The UK government has teamed with private industry to train 100,000 new tech entrepreneurs, announcing its Make Things Do Stuff campaign.
The initiative was announced by chancellor George Osborne in London on Friday. It will see the government team up with several big name companies including Mozilla, Facebook and O2 to teach young people how to create, not just use technology.
The campaign will focus mainly on training young people to create apps and websites. Participating companies will run workshops for school children on the subject. Games Britannia has already committed to run three-days of free digital making workshops for 800 school children by 15 September.
"A new website and series of UK-wide events will provide young people with access to digital tutorials covering apps, animation, games, remixes, physical computing and websites. A core feature of the campaign is the belief that one of the best ways to learn is by making something, whether that's an app, game, website or digital fashion," said Osborne.
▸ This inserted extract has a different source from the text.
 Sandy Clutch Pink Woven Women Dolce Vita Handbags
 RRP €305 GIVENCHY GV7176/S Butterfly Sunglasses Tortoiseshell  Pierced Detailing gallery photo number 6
Osborne said the initiative will further the government's ongoing bid to bolster the UK's technology industry, re-establishing it as a global innovator in the sector. "Over the past few years, the UK's digital economy has boomed. But we cannot take this success story for granted. The government is investing in our digital infrastructure and putting computer science at the heart of the curriculum. And I am delighted to be launching the ‘Make Things Do Stuff' campaign today," he said.
"By offering digital training to 100,000 youngsters in the coming months alone, this campaign is backing the entrepreneurs of the future and helping ensure that Britain is equipped to succeed in the global race."
The initiative is one of many initiatives working to train the next generation of tech entrepreneurs. Most recently PayPal co-creator Peter Thiel offered British teen Andrew Brackin £67,000 to help create new tech company, Bunchy, as a part of the 2013 Thiel Fellowship.